Aim: The aim of this study is to show the protective effects of Platanus orientalis (PO) plant extract to prevent stone formation in urinary system stone disease and to reduce the damage of stones formed in the urinary system in the kidney. Material and Methods: The urinary system stone disease model was designed by giving drinking water containing 0,75% ethylene glycol and 1% ammonium chloride to Saprague-Dawley rats for 35 days. Rats were divided into 4 groups as control, model, preventive ant treatment group. PO extract was administered to the treatment groups at dose 100 mg/ kg (p.o.). At the end of experiment the rats whose urine was collected 24 hours were decapitated and kidney tissues were obtained. Indicators of stone formation in urine samples and parameters for the effects of stone formation in kidney tissues on the kidney samples were examined.
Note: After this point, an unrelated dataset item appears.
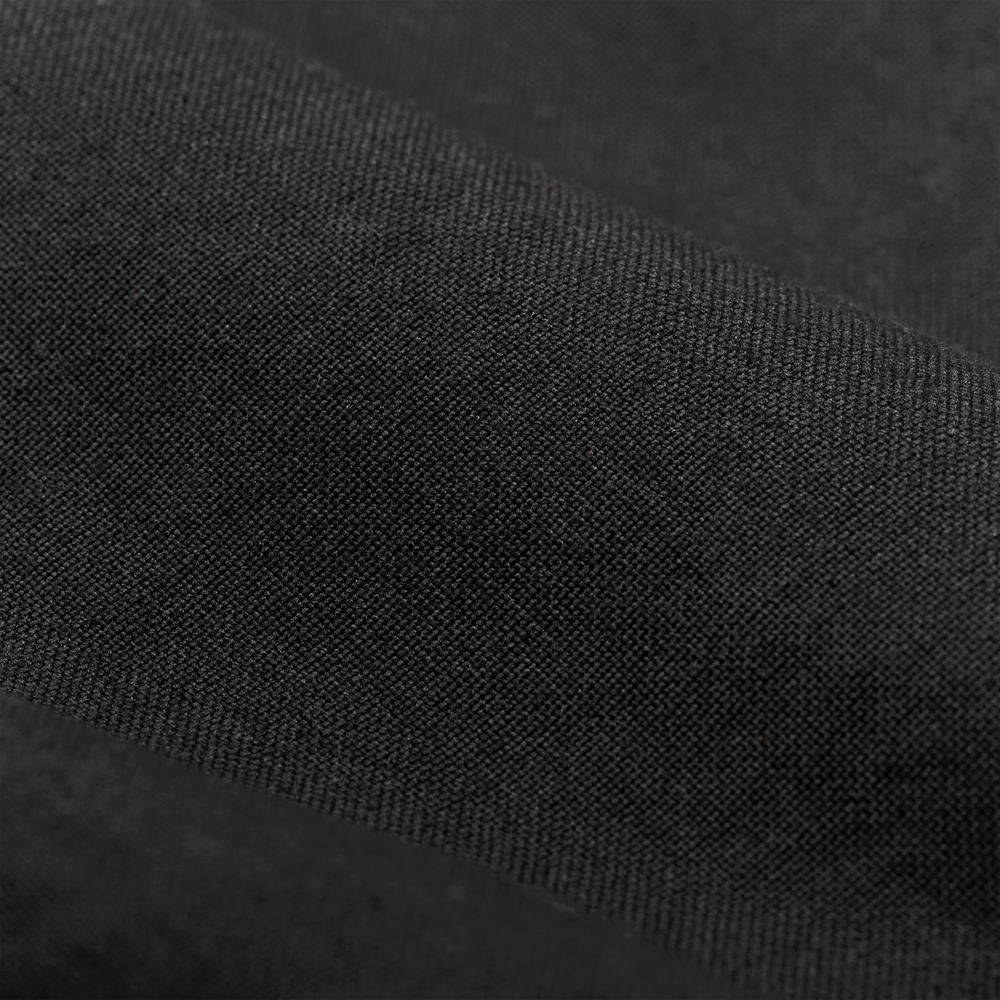 Dry Tin Cloth 5-Pocket Pants - Raven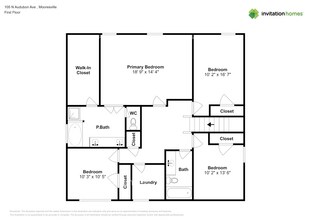 105 N Audubon Ave in Mooresville, NC - Building Photo - Building Photo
Results: In the group with stones in the urinary system it was observed that the model was successfully established by observing an increase in myeloperoxidase, caspase-3, N-acetyl-βd-glucoseaminidase activities, malondialdehyde, 8-hydroxi-2-deoxyguanosine, tumor necrosis factor-α, interleukin-1β, levels as well as a decrease in superoxide dismutase activity and glutathione levels in kidney samples and a decrease in calcium and citrate levels as well as an increase in oxalate levels in urine samples. In the treatment groups, it was observed that all these parameters were back to control levels. Conclusion: PO extract could provide benefits in addition to current treatment approaches in urinary system stone disease.